Spiritual Warfare in Congress?

Spiritual Warfare in Congress? December 2, 2023

It shouldn’t be this hard.

Funding the government is a fundamental operation of the House of Representatives. Yet, here we are after the Republicans finally chose a Speaker, and with a slim majority of seats, they still are not able to pass a funding bill on anything. Not even the routine defense funding bill. That one is usually a slam dunk because it has large bipartisan support. It has passed every year since 1961 in a bipartisan fashion without much debate or fanfare.

GOP Members of Congress See Demons

But now, there is a “devil” in the details…for a segment of the GOP caucus bipartisanship is in fact, spiritual warfare. There are around 15 to 20 Republican right-wing hardliners who not only see bipartisanship as a bad thing, they believe they are negotiating with the Devil, literally, when they make such agreements.

This hard-line set of extremists was outraged when Kevin McCarthy made such a deal with Democrats, er, I mean demons, to fund the government back in September. It resulted in the unseating of McCarthy who was one of their own. In the minds of these Christian Nationalist extremists, negotiating with Democrats is like compromising with spiritual forces of darkness.

And it’s not just Democrats that they view as part of the legions of Satan’s forces. Republicans who want to work for consensus, compromise, and bipartisan agreements are also under the influence of the Prince of Darkness. They call them “RINOS” meaning they aren’t really Republicans, but in reality, they mean that these common-sense conservatives are not Christian Nationalists and they are dabbling with spiritual forces of evil by working with the Democrats.

I’m using a lot of religious jargon, but rest assured, these terms have specific meanings for those who are true believers. What we are witnessing in 2023 is the emergence of a movement that has been percolating in American religious culture for many decades. The broad brush term “Christian Nationalist” doesn’t quite capture the essence and nuance of this movement and its influence over some members of Congress today.

Where This Began

So….Let’s take a deeper dive into the background of where this new Christian Spiritual Warrior and Warfare concept originated. I won’t go back to the earliest beginnings which can be found in something called the “New Order of the Latter Rain” prayer movement in Canada in the 1940s along with the Pentecostal movement even earlier.

We only need to go back to the 1970’s. I will share from personal experience what this movement is like and what it is about, and then connect the dots to what is going on today in the halls of Congress.

In the 1970s I was in high school and college for most of that decade. During those years many of my evangelical friends and I became associated with what we believed to the a “fresh” outpouring of God’s Spirit called the Charismatic Movement. It wasn’t a denominational movement, which is what appealed to us, but more of an organic grassroots movement of people seeking a deeper experience with God.

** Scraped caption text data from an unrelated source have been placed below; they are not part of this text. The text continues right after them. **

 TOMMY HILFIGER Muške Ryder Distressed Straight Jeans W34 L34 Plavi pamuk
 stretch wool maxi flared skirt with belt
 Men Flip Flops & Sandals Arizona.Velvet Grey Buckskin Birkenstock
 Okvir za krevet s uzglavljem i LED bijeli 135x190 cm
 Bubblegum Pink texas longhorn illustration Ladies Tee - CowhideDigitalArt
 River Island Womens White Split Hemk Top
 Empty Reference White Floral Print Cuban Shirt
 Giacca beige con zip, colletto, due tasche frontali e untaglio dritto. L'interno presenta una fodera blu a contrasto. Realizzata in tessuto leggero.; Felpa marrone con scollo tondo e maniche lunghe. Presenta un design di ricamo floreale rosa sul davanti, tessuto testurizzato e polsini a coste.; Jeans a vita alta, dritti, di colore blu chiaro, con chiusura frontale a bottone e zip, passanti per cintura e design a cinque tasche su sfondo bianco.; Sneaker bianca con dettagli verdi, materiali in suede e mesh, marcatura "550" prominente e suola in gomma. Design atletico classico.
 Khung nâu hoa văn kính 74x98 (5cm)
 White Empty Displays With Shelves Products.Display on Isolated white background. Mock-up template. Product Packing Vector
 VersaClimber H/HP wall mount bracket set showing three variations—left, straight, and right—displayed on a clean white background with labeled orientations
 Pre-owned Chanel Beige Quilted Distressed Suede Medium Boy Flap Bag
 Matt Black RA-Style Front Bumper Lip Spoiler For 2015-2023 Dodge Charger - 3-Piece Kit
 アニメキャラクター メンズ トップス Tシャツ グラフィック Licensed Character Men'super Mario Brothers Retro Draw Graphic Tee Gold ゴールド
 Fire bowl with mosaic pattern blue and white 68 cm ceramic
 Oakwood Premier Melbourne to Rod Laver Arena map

We didn’t meet so much in churches as we did in home groups or informal storefront meetings. It was a hodgepodge of interesting characters who began to manifest the “gifts of the Holy Spirit.” What were these gifts? Things like speaking in tongues, miraculous healing, casting out demons, falling “slain” in the spirit, and several other extreme experiential religious expressions. It was all thought to be a supernatural outpouring of God’s spirit.

But I found out over time, that there was a national and even international component to this movement that was being driven by what were considered to be “high-ranking prophets and apostles.” For a while, I thought this was key to what God was doing in the world by restoring his Kingdom through miraculous signs and wonders. And of course, this all coincided with a strong emphasis on the anticipated Second Coming of Christ.

By the end of the 1970s, I began to become skeptical about many of the excesses I was witnessing firsthand. As I was beginning my professional career in education and an impending marriage, I graduated to the more sedate and mainstream “Assemblies of God” denomination. It was sort of like Charismatic Movement lite. I continued, however, to follow developments in this “Charismatic Movement” and have grown more and more concerned about it as the 1990s emerged.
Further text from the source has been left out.